Start of RECORDS SUPPLIED

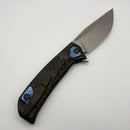 Pre-Owned Custom Knife Factory UMMU Dalawa 2 w/ Carbon Fiber & M398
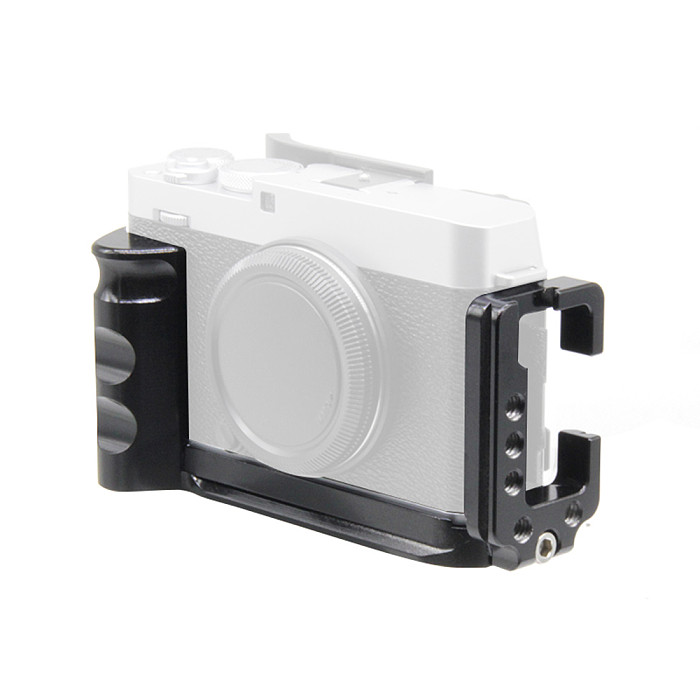 BGNING Adjustable L Plate Hand Grip for Fuji XE4 Quick Release L Vertical Board Bracket Holder for FUJIFILM X-E4 SLR Camera Accessories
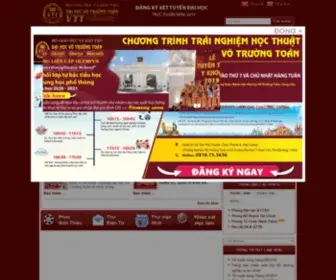 Vttu.edu.vn(ĐẠI) Screenshot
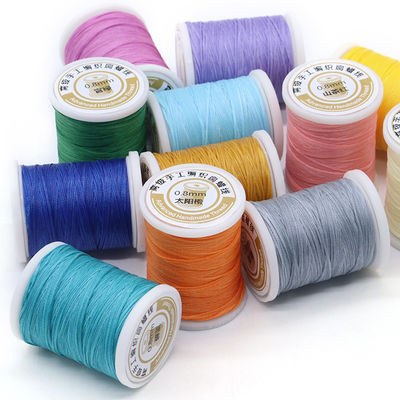 Purse Leather Sewing Waxed Thread-Practical Long Stitching Thread For Leather Craft DIY 0.8mm wax thread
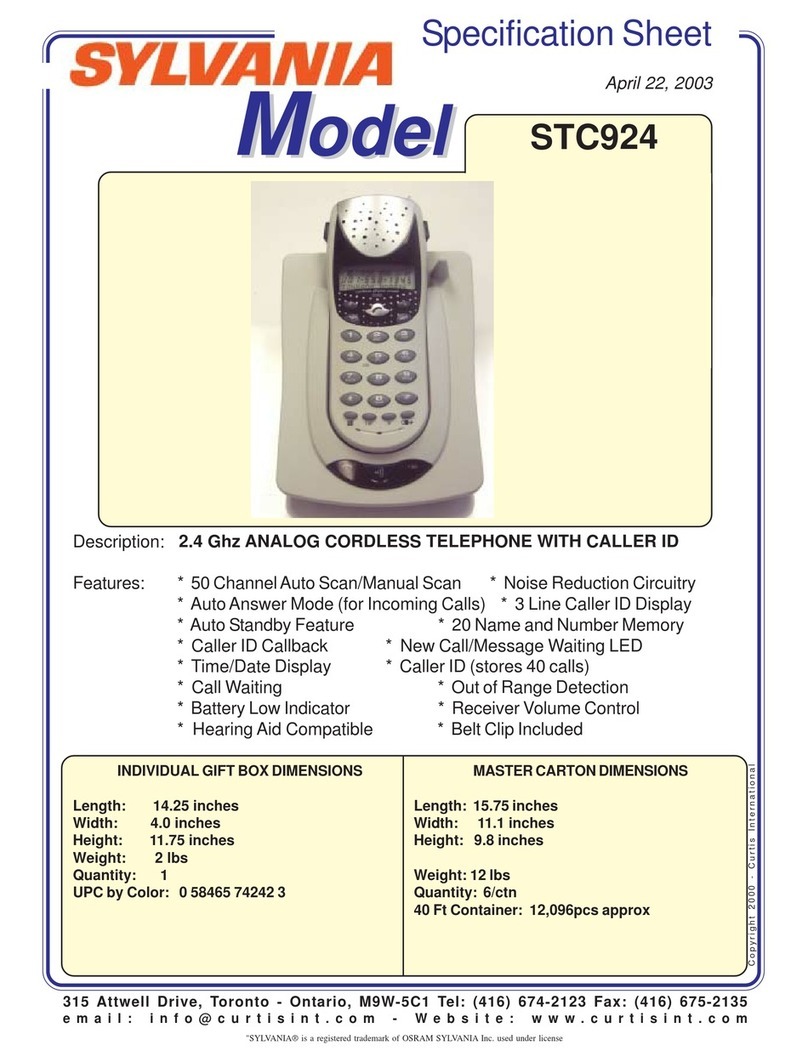 Sylvania STC924 User manual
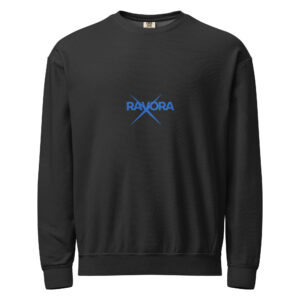 Alternative view of Garment-dyed fleece crewneck sweatshirt
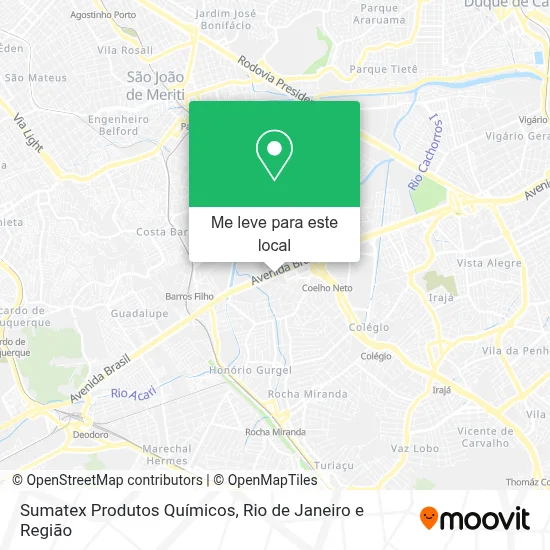 Sumatex Produtos Químicos mapa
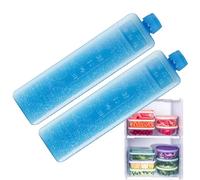 Matoebyr blocchis Refrigeranti Riutilizzabili 2 Pezzi, ABS Portatile Lunga Durata per Borsa Termica Lunch Box, Piastra Eutettica Senza Acqua, Leggeri e Compatti per Picnic Campeggio Ufficio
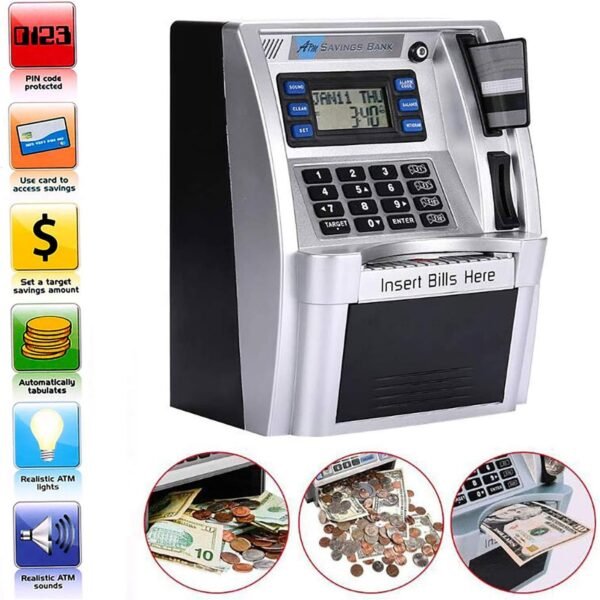 2025Upgraded ATM Financial institution, Children Speaking Piggy Financial institution, ATM Ban... - Image 4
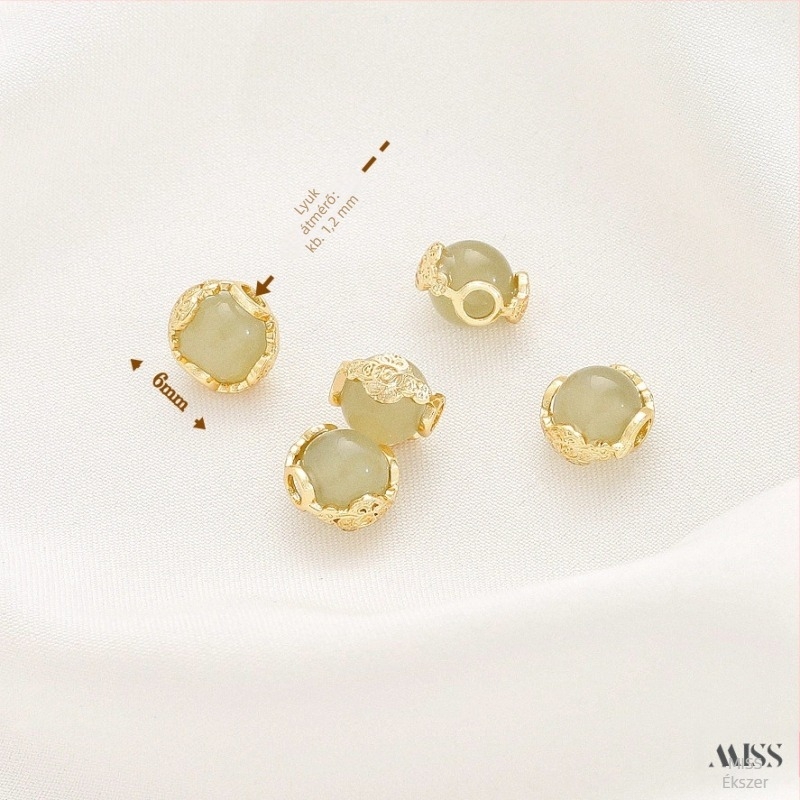 Természetes Hetian jade levél alakú Buddha medálos nyaklánc, vízhab jade, aranyozott bevonat, friss és édes stílus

End of RECORDS SUPPLIED

**TASK DESCRIPTION**
Give back an exact repeat of the lines from the top of the data through the line that holds "Vttu.edu.vn(ĐẠI) Screenshot", both included, and omit pictures.

**RESPONSE TO THIS TASK**
 Pre-Owned Custom Knife Factory UMMU Dalawa 2 w/ Carbon Fiber & M398
 BGNING Adjustable L Plate Hand Grip for Fuji XE4 Quick Release L Vertical Board Bracket Holder for FUJIFILM X-E4 SLR Camera Accessories
 Vttu.edu.vn(ĐẠI) Screenshot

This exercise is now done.